Available data ->
* * *

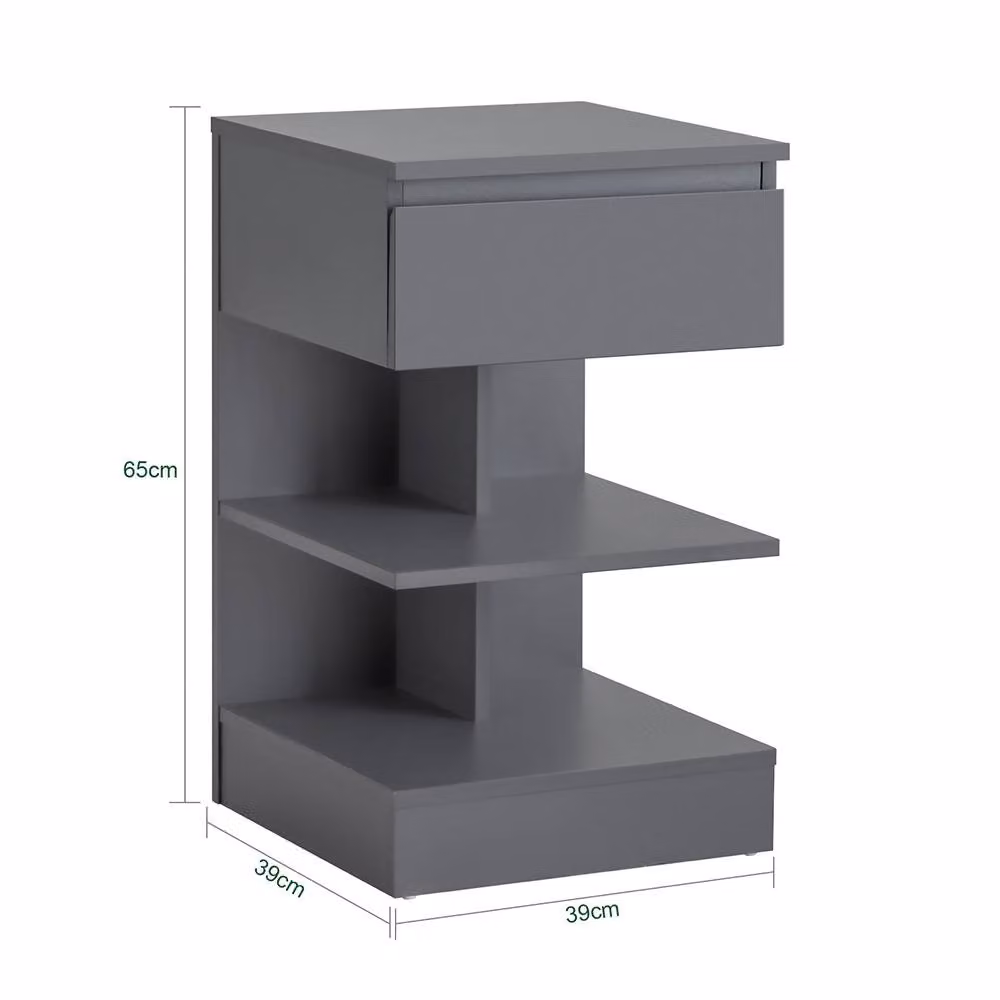 SoBuy Set of 2 Modern Nightstands with 1 Drawer and 2 Shelves, Dark Grey, H: 65 cm – 6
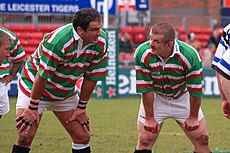 Martin Johnson and Graham Rowntree in Tigers traditional colours during the friendly match vs. Bath in 2007. Martin Johnson and Graham Rowntree.jpg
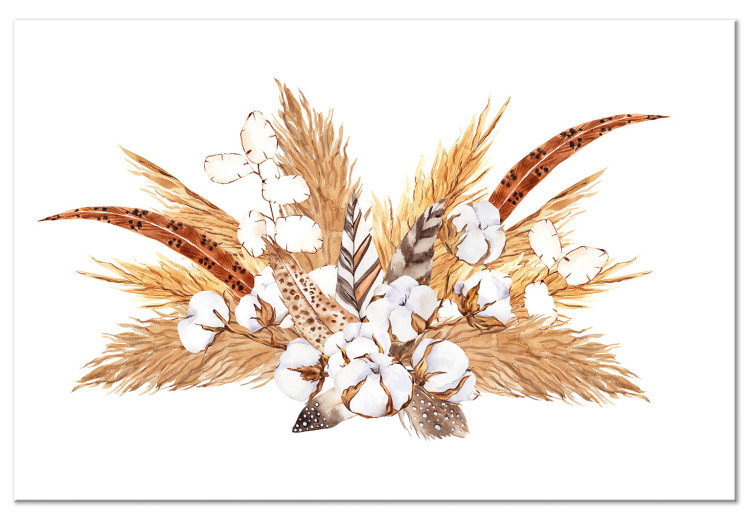 Canvas Watercolor Bouquet - Composition of Feathers and Dry Grass in Shades of Beige 149746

* * *

Exercise directions -> Once the pictures are removed, copy the material above exactly.

Your response ->
 SoBuy Set of 2 Modern Nightstands with 1 Drawer and 2 Shelves, Dark Grey, H: 65 cm – 6
 Martin Johnson and Graham Rowntree in Tigers traditional colours during the friendly match vs. Bath in 2007. Martin Johnson and Graham Rowntree.jpg
 Canvas Watercolor Bouquet - Composition of Feathers and Dry Grass in Shades of Beige 149746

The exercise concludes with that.